And it can have a profound effect because the acidity of the oceans has grown by some 35 percent because of the amount of CO2, and that's affecting the pH-acidity relationship, which affects all crustaceans -- so starfish, shrimp, skin -- lobsters, crabs, et cetera -- and the barrier reefs.  They are particularly concerned off Australia they may be literally losing the barrier reefs as a consequence of what is going on.

So every single warning, ladies and gentlemen, that Mother Earth herself is giving us is coming back at a greater rate and to a greater degree than our best scientists have predicted.  And so this becomes more compelling than ever because the scientists have also told us, up until two years ago, that we could tolerate a 550 parts-per-million greenhouse gas emission level, which translates into a 3 degrees Centigrade increase in the temperature of the Earth.  They don't tell us that anymore. 

Because of this rapid feedback, we now have had science in America and across the globe tell us no, we can't tolerate 3 degrees -- it's now down to 2 degrees before you get to the tipping point of catastrophic transition -- and 2 degrees and 450 parts per million. 

Now, why is that important?  Well, it's important for very simple reasons.  We are today at 380 -- 370, 380 parts per million.  Before the Industrial Revolution we were at 270.  So it took the entire Industrial Revolution up until now to get us to the 380 parts per million.  That is a cushion that we have up until 450.  You can do the math.  We're already warmed by .8 degrees Centigrade. 

What is up in the atmosphere today and what we are putting up in the atmosphere at a greater level every single day, not a lesser level, is continuing to do damage and will continue to do damage, barring some scientific discovery nobody yet knows about, and the half-life of that CO2 is such that 70 or 80 years from now what's up there today will still be doing damage.  So you can anticipate probably an increase of somewhere in the vicinity of a minimum of .8 further or so, which brings you to 1.6, 1.5, whatever you want to take it at, and that's a cushion of .5, .4 degrees in terms of what you have in terms of temperature increase and a cushion of very little in terms of the increase in parts per million.

The reason that is so important is, over the next 25 years, ladies and gentlemen, oil consumption in developing Asian nations is going to double to 32 million barrels per day, accounting for 80 percent of the increased global demand in the use of fossil fuels, not to mention our own increase in demand.  And right now China is building one pulverized coal-fired power plant per week, and we're planning to build about a hundred next year, over the course of the next couple years. 

China last year built the equivalent -- when we talk about a power plant in America, we usually talk about a power plant that's about 5,000 -- upwards of -- megawatts.  China last year built 114,000 megawatts of power plants, all pulverized coal plants.  This year they are building some 90,000.  And the likelihood is that if we continue without this mitigation and transition, we're going to go up to 700 parts per million on the current pace. 
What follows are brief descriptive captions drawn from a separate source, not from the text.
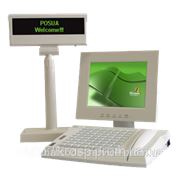 LPOS PC-FP64 с монитором LPOS – 10“TFT LCD фото
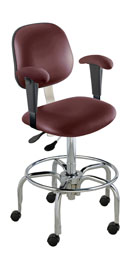 Nurse Circulator/ Recovery Room Stool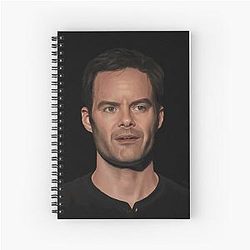 Bill Hader Barry Notebook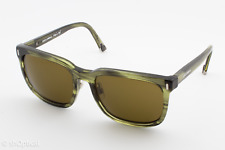 Usado, Óculos de sol Dolce & Gabbana DG4271 2926/73 unissex quadrado colorido armação verde 56mm comprar usado  Enviando para Brazil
So, ladies and gentlemen, there's no other way to put it, other than that this is urgent.  We responded to the potential threat of a nuclear weapon eliminating civilization as we know it.  Well, we're staring at another kind of weapon, man-made, likewise, and uncontrolled at this moment, that has the ability to change life as we know it on this Earth.

Now, I can't predict to you what's going to happen, and none of you can either.  But the precautionary principle suggests that we each have a responsibility to be out there doing something more serious about it, and the United States of America has to lead.  We are 25 percent of the world's pollution.

And China -- I've talked to the delegations.  I understand the dynamics.  They view this as a Western conspiracy -- or have until recently -- to stop them from developing and so forth, but that's changing.  China has 16 of the 20 most polluted cities on the planet, and China has watched the Mingyong Glacier disappear, the sacred glacier disappear, and they're seeing changes in the rivers and changes in their climate and changes in their agriculture likewise.  They actually have set emissions standards on automobiles -- fuel efficiency standards that are going to get 37.9 miles to the gallon, better than the United States Senate and better than the Congress and better than Detroit has allowed us to do. 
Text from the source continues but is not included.